Prices at the pump have risen dramatically — 48% in the year through May, according to government data — driving inflation higher. Natural gas prices are compounding the economic pain, and are expected to rise further this year.

This week, executives from refining and oil companies met with US Energy Secretary Jennifer Granholm, following a public letter from Biden upbraiding them for “well-above normal” profits. Momentum for a windfall tax on the industry is also building among some Democrats in Congress, which the Biden administration has stopped short of endorsing.

But it’s not as though Biden can simply order refiners to increase output. For one thing, they’re already running at 94% capacity. For another, shuttered facilities are either being converted into renewable diesel plants, or would face expensive and lengthy restarts that aren’t certain to pay off. Curbing products exports, which some administration officials are reportedly considering in the bid to tame prices, would likely backfire. The meeting will focus on whether the US government can do anything to facilitate increased capacity, a senior administration official said.

To deal with the pain at the pump in the meantime, Biden is pushing for a three-month gas tax holiday. But Biden can’t act alone — he needs lawmakers on board to offer a reprieve. The White House’s most impactful executive actions were taken earlier, with the administration tapping the Strategic Petroleum Reserve at a rate of about 1 million barrels per day, and authorizing the sale of gasoline with a higher ethanol content over the summer.

  • The president has more flexibility when it comes to setting foreign policy with other producers, but shifts here can only go so far as well.

The most notable change when it comes to the current administration’s energy-related foreign policy is the decision for Biden to travel to Saudi Arabia for high-level meetings next month, amid a broader rapprochement between the two countries. That announcement came alongside the Opec-plus decision to augment planned output increases in July and August.

There are incremental changes when it comes to Venezuela as well, with the administration allowing European firms Repsol and Eni to take payment for investments in the country in the form of crude. That move could add some barrels to the market, too. Venezuelan exports averaged about 280,000 b/d lower after the US in 2020 began threatening economic retaliation against firms for taking payment in kind.

But the largest diplomatic source of additional barrels — those from Iran — might not come on line as attempts to revive the 2015 nuclear deal appear increasingly precarious.

  • Energy prices are serving as a limit to how aggressive the administration’s sanctions policy toward Russia can get.

At the outset, the administration tried to limit the extent to which sanctions would cause economic pain, focusing on financial sector measures that blocked Russia's access to cash in part
to reduce the risk Russia would halt energy exports. That rapidly changed, with the US enacting an embargo on Russian oil imports within two weeks of the invasion and Europe, more heavily dependent on Russian supply, deciding last month to put forward its own ban.

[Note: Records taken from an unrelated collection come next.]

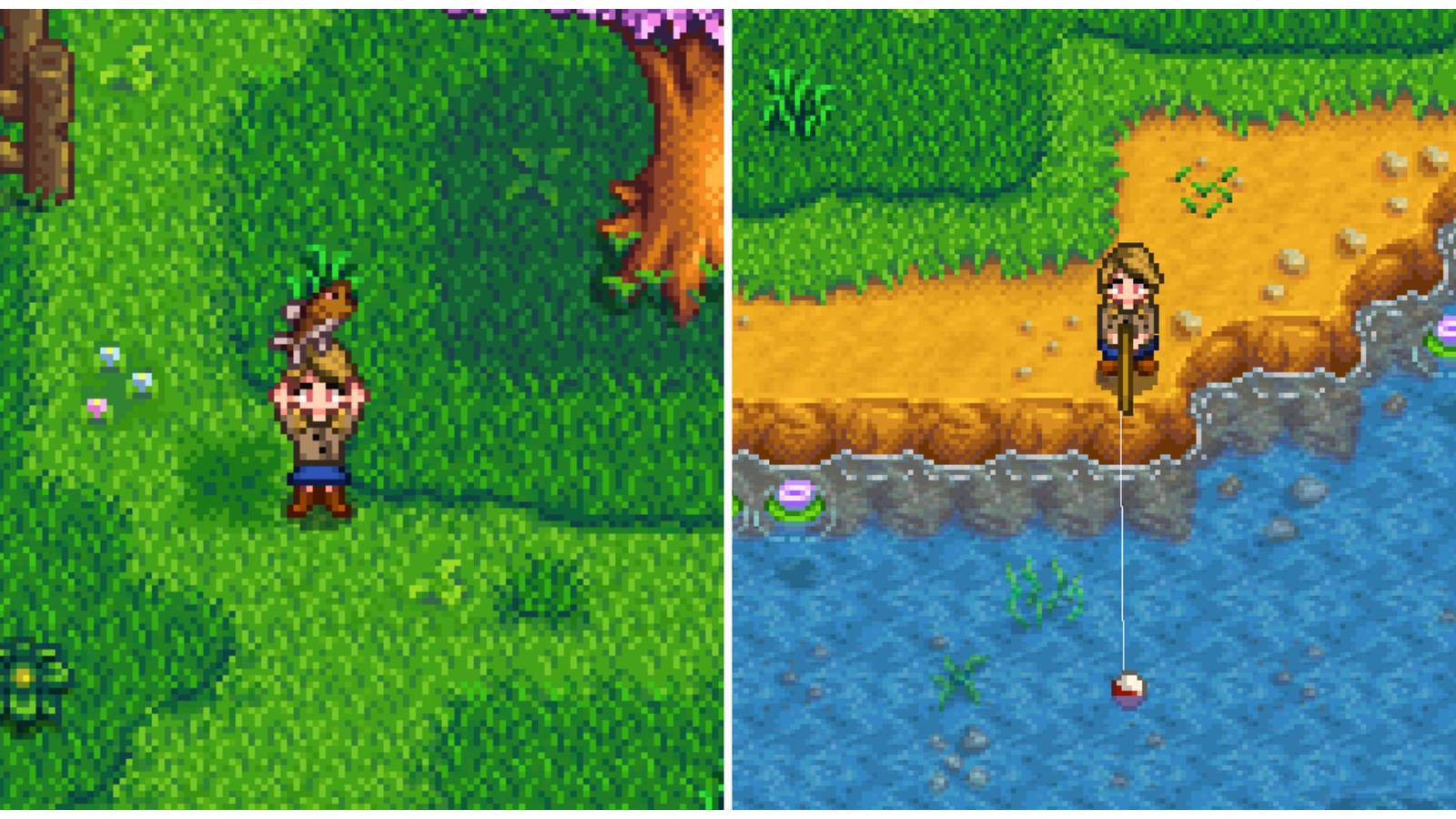 Split image of a character holding up a Smallmouth Bass and a character fishing in Stardew Valley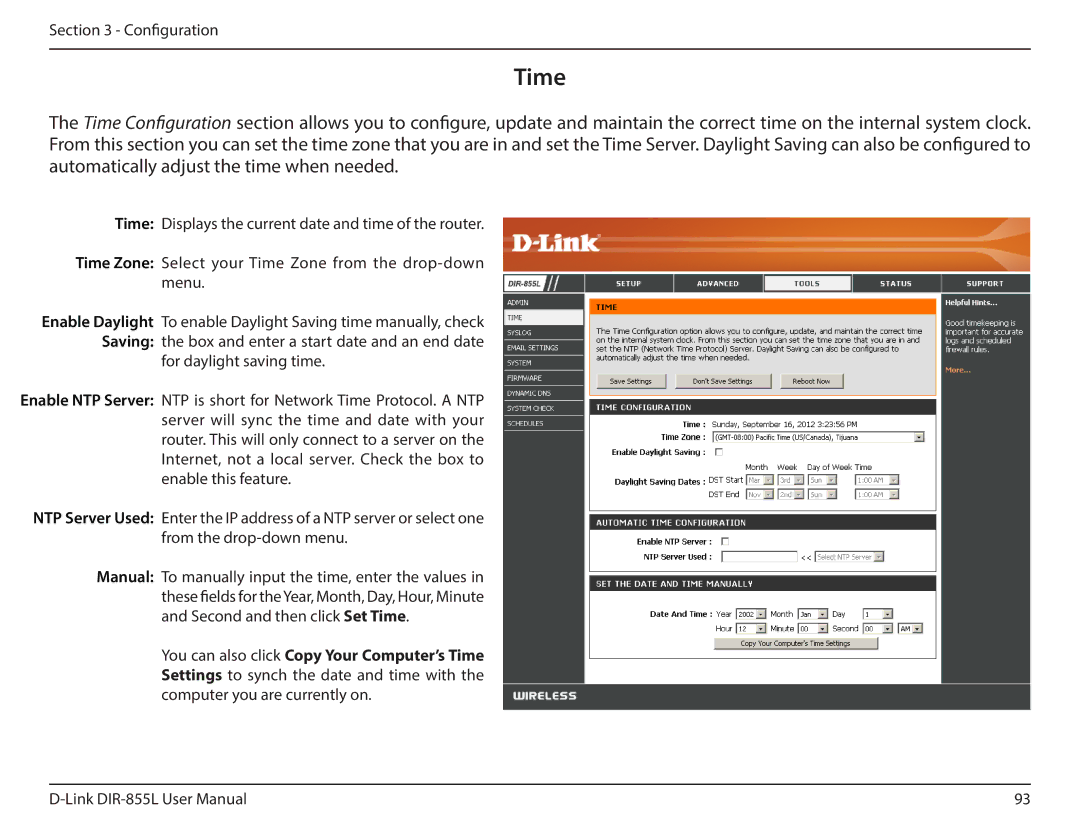 D-Link DIR855L manual Time 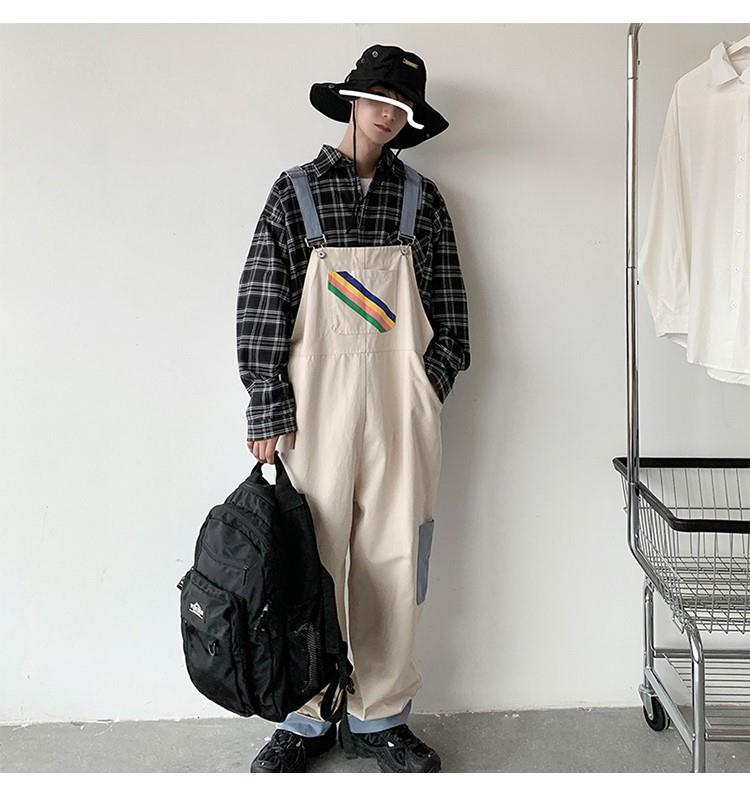 sanyamk Men Suspenders Jumpsuits Oversized Rainbow Printing Overalls Summer Straight Casual Pants Vintage Splicing Trousers Male Clothes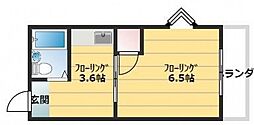 サムソン都町 1Kの間取図画像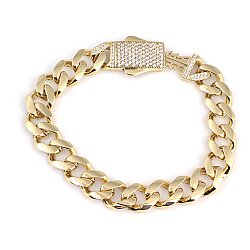 14 Ayar Altın Taşlı Kutu Kilitli Gurme Zincir Bileklik - Nusrettaki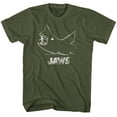 thumbnail image 1 of Jaws Chalkboard Military Green Adult T-Shirt, 1 of 2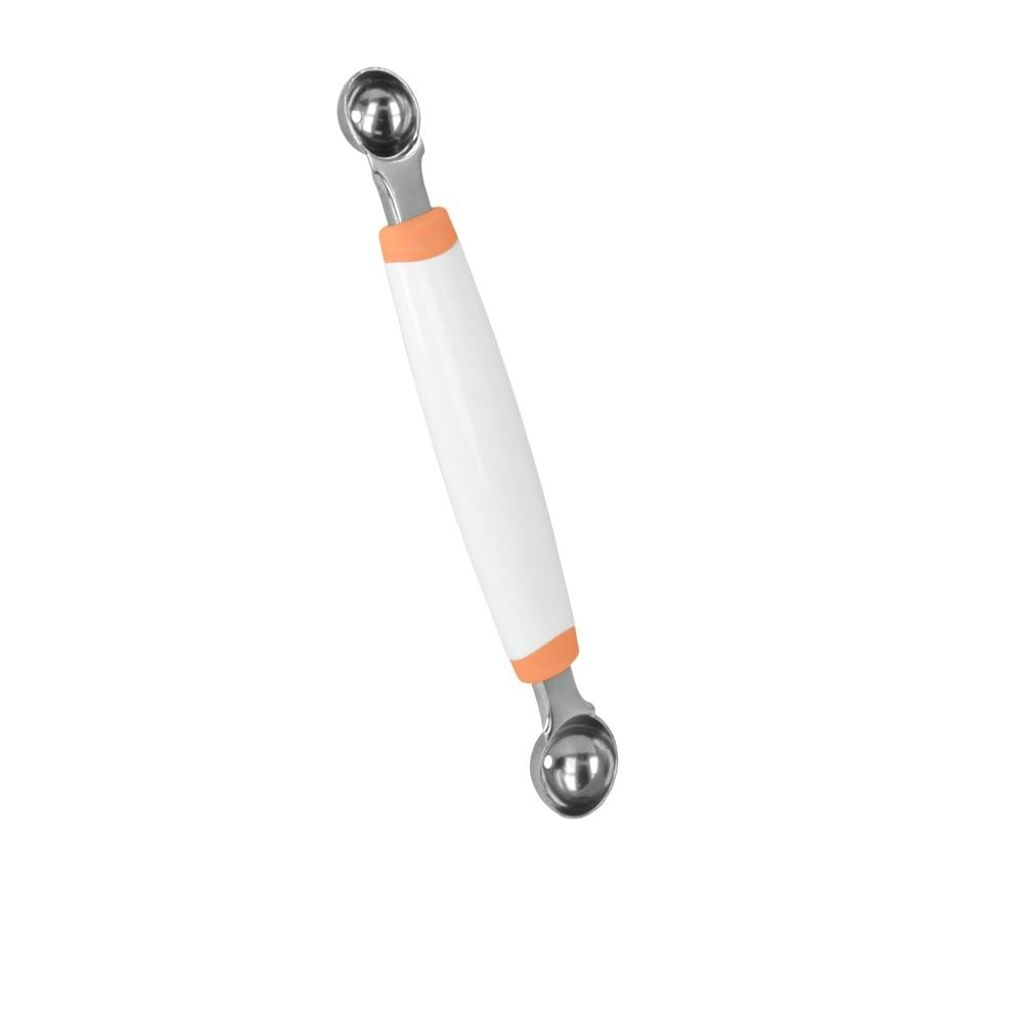 A melon baller tool on a white background.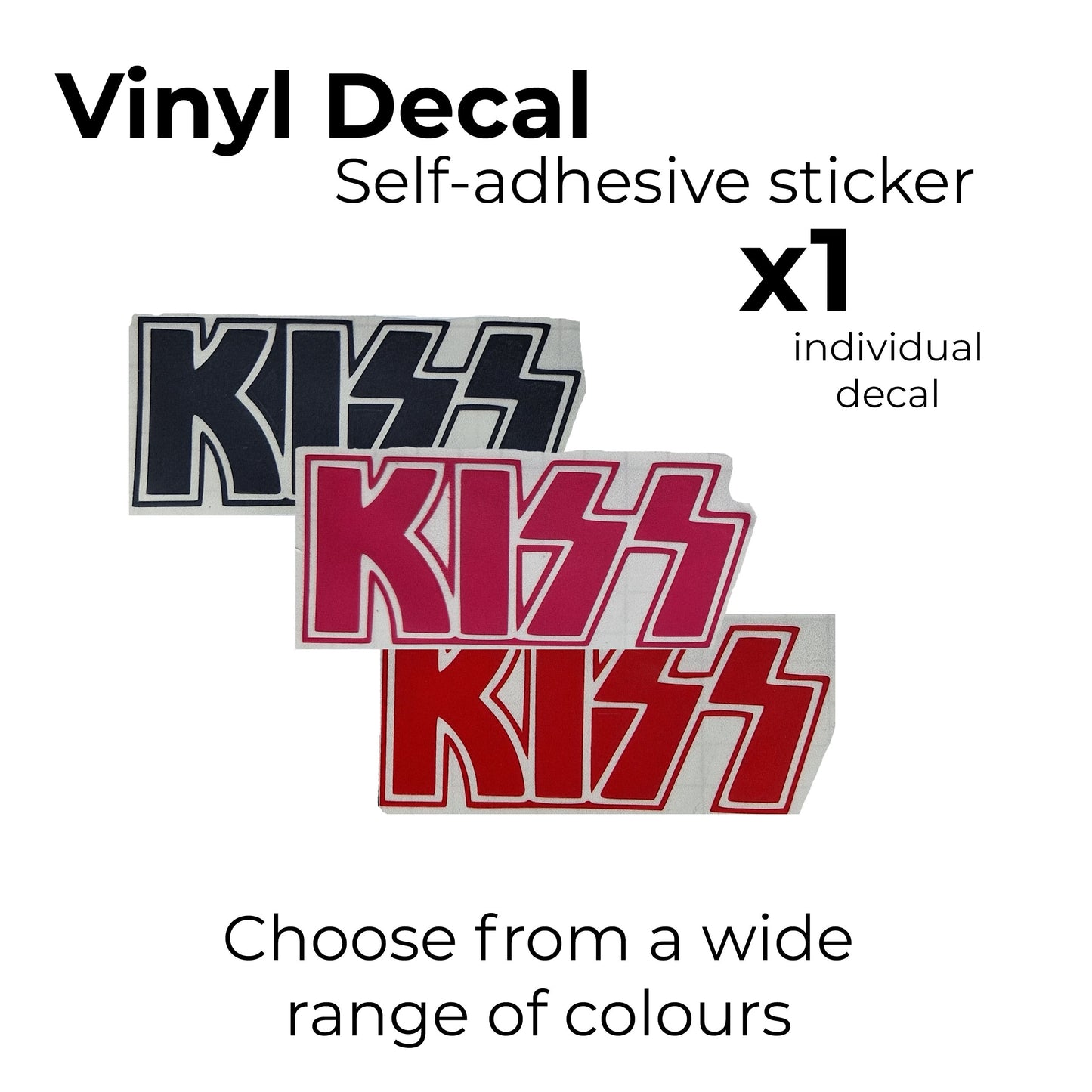 hard rock sticker kiss design in choice of colour 1x hard rock music decal 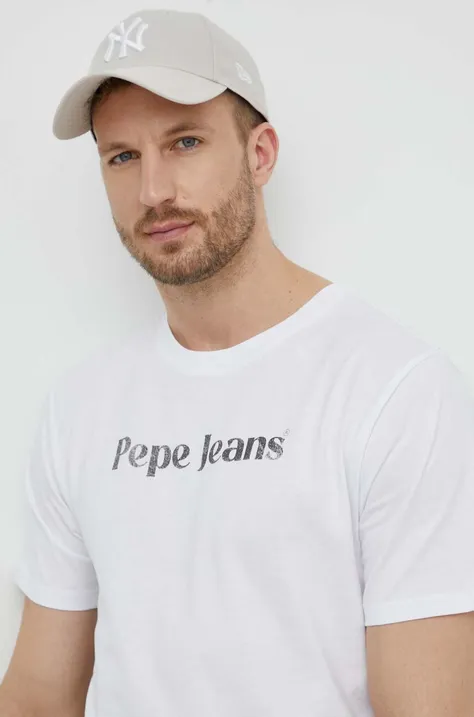 Pamučna majica Pepe Jeans CLIFTON za muškarce, boja: bijela, s tiskom, PM509374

Energy price and supply considerations may serve to limit the sanctions, but so far are not prompting a dramatic shift in Washington’s policy when it comes to how it supports Ukraine against Russia's war. A tough stance toward an invading Russia remains a rare bipartisan issue in the US, and Washington is continuing to defensively supply Ukraine. Ukrainian President Volodymyr Zelensky’s stance that Russia's position should be pushed back to where it was before the Feb. 24 invasion is not particularly controversial.

Moreover, Biden frames the stance toward Moscow in existential terms, acknowledging Wednesday that sanctions are causing pain at home. Without energy sanctions, “the price of gas wouldn’t have spiked the way it has,” he said. “I believe that would have been wrong. I believed then and I believe now: The free world has no choice … if we did stand by, Putin wouldn’t have stopped. Putin would have kept going.” That hardly points to a relaxation of Washington's current positioning toward Russia, in spite of the economic pain.

"Historically for the US, significant national security concerns have always trumped economic concerns," says David Goldwyn, a former State Department energy envoy who now runs a consultancy. “The US is going to continue to find ways to support Ukraine in its defense and to find ways to punish the Russians for their invasion. The question is can they go any farther [on energy sanctions] given where prices are right now, or have they reached a limit?” he adds. “And I think they are reaching a limit, and that is why they have to be much more creative.”

  • Differences in the approach to energy sanctions between Brussels and Washington are emerging.

Brussels is pushing forward on its embargo of most Russian oil exports, buttressed by shipping and insurance sanctions that take effect in parallel. But concerned about the price impact, US officials are increasingly making the case for an oil price cap in public. “We are talking about price caps or a price exception that would enhance and strengthen recent and proposed energy restrictions by Europe, the United States, the UK and others,” US Treasury Secretary Janet Yellen said this week. The objective is to “push down the price of Russian oil and depress Putin’s revenues, while allowing more oil supply to reach the global market,” she reportedly said.

A price cap has been discussed for months and is favored by the US and Italy publicly. But European views on that are mixed, with some concerned over how such a move — which likely requires complex integration with other sanctions — would be executed.